From the entries below, transcribe exactly the lines between the line holding "Kickers Tovni Lacer Mens Beige Trainers" and the line holding "Tablet TCL TAB", inclusive; skip all other lines.

> Extracted information:

═══

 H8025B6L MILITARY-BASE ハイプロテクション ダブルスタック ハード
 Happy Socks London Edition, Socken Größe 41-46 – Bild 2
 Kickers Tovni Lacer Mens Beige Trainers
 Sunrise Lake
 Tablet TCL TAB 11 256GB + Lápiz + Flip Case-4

═══

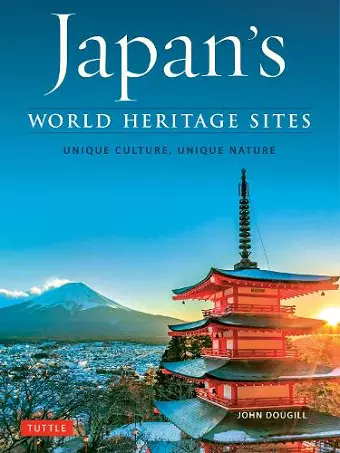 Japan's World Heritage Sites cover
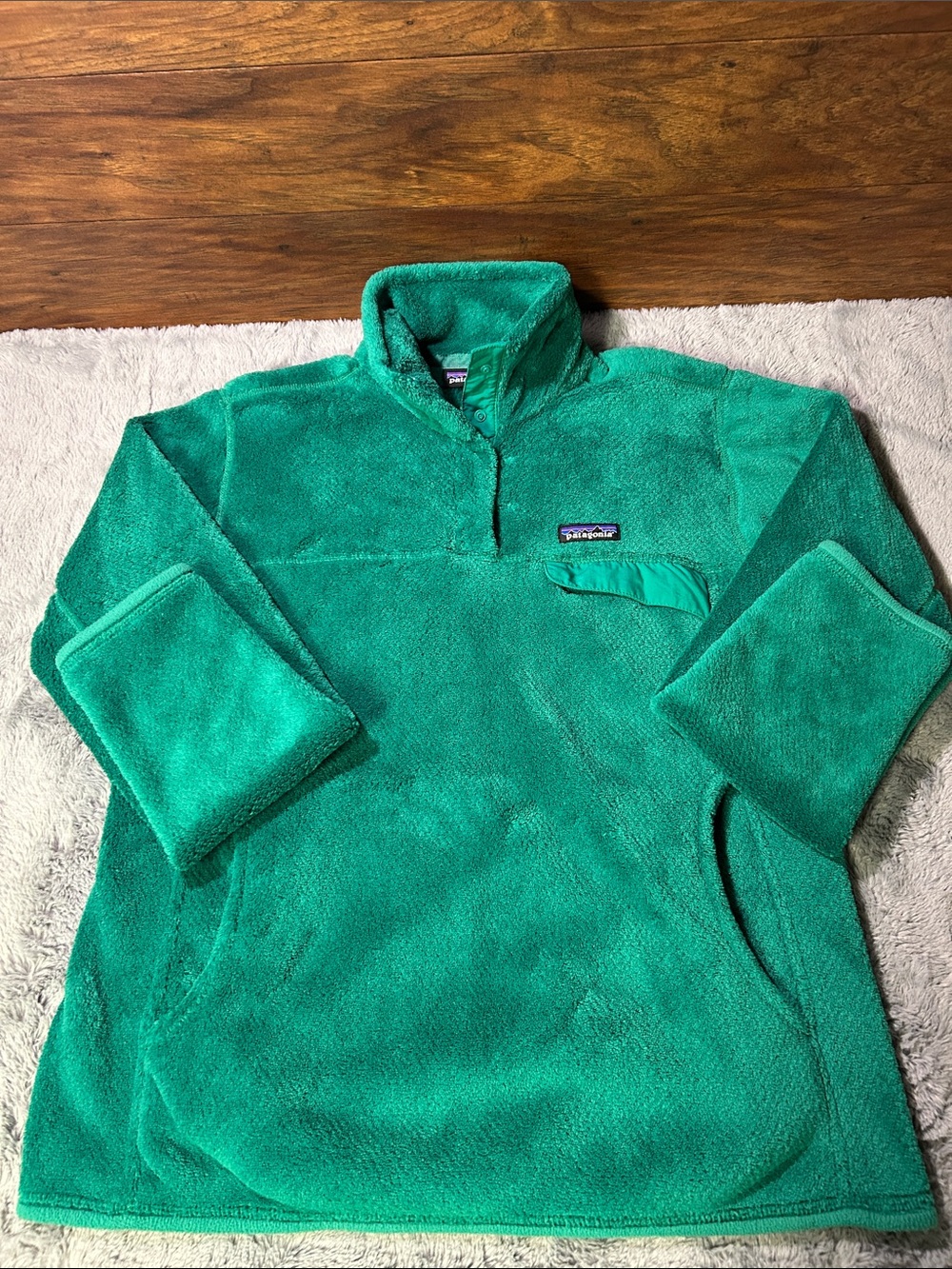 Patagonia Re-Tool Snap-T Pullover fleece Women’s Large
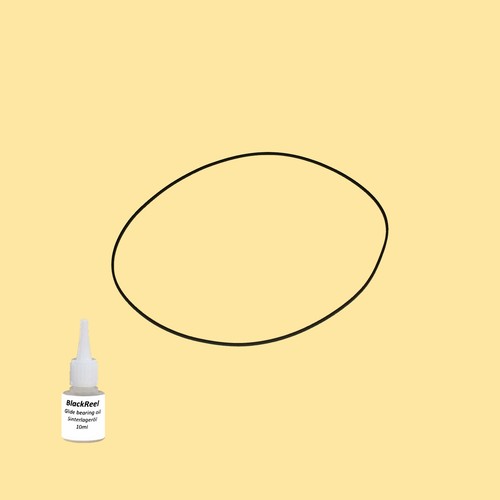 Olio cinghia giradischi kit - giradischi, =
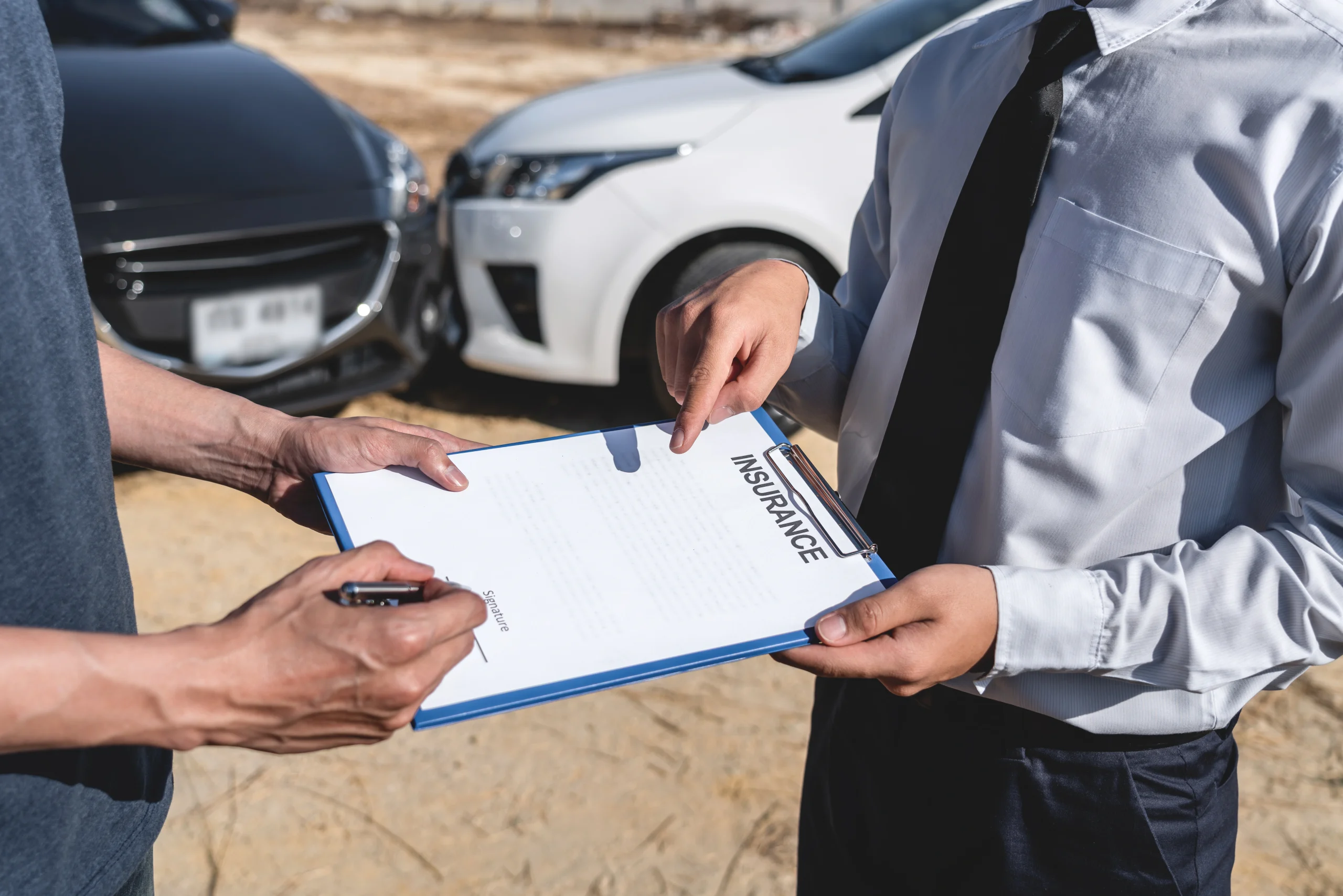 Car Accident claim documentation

═══

> Written solution:
 Kickers Tovni Lacer Mens Beige Trainers
 Sunrise Lake
 Tablet TCL TAB 11 256GB + Lápiz + Flip Case-4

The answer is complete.